When you shop for a mortgage today you can choose among mortgages of different lengths.
30-year fixed-rate mortgages. With these mortgages you know what your payments will be over the long-term. In essence, a fixed-rate mortgage is a form of insurance against future interest-rate increases. You’ll pay for this insurance in the form of higher interest rates, so you shouldn’t pay for it if you don’t need it. However, if you don’t expect your earnings to increase much over the years, choose a fixed-rate mortgage
15-year fixed-rate mortgages. These mortgages are paid off in half the time of a 30-year loan so each monthly payment will be higher. By paying the extra amount, you’ll avoid 15 years of interest payments, for a huge savings. You’ll probably get a slightly lower interest rate, for even more savings.
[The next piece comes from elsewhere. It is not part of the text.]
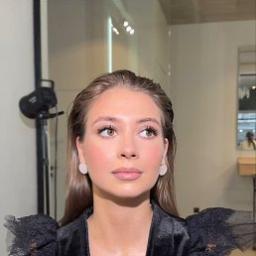  Алина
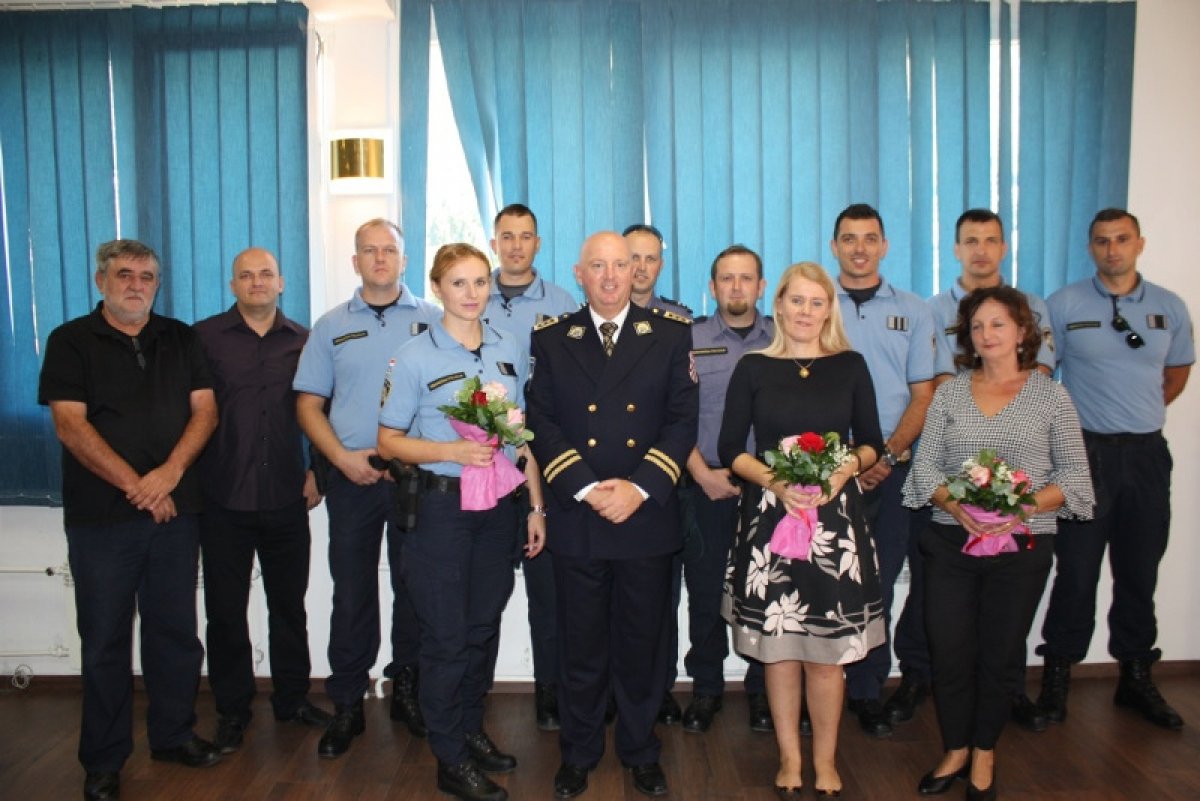 Načelnik PU DNŽ Ivan Pavličević pohvalio 14 policijskih službenika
Insight: Most people like the comfort of not having a mortgage. If you can afford the monthly payments, take a 15-year loan to get your mortgage paid down rapidly. Try to negotiate a loan with no points and low closing costs and be ready to refinance when rates drop.
An alternative strategy is to choose a 30-year mortgage and pay it off at the same rate as a 15-year mortgage: $950 per month, in the above example. You can cut back to the 30-year payment ($750 per month) if you have cash flow problems yet not jeopardize your credit rating or your home ownership.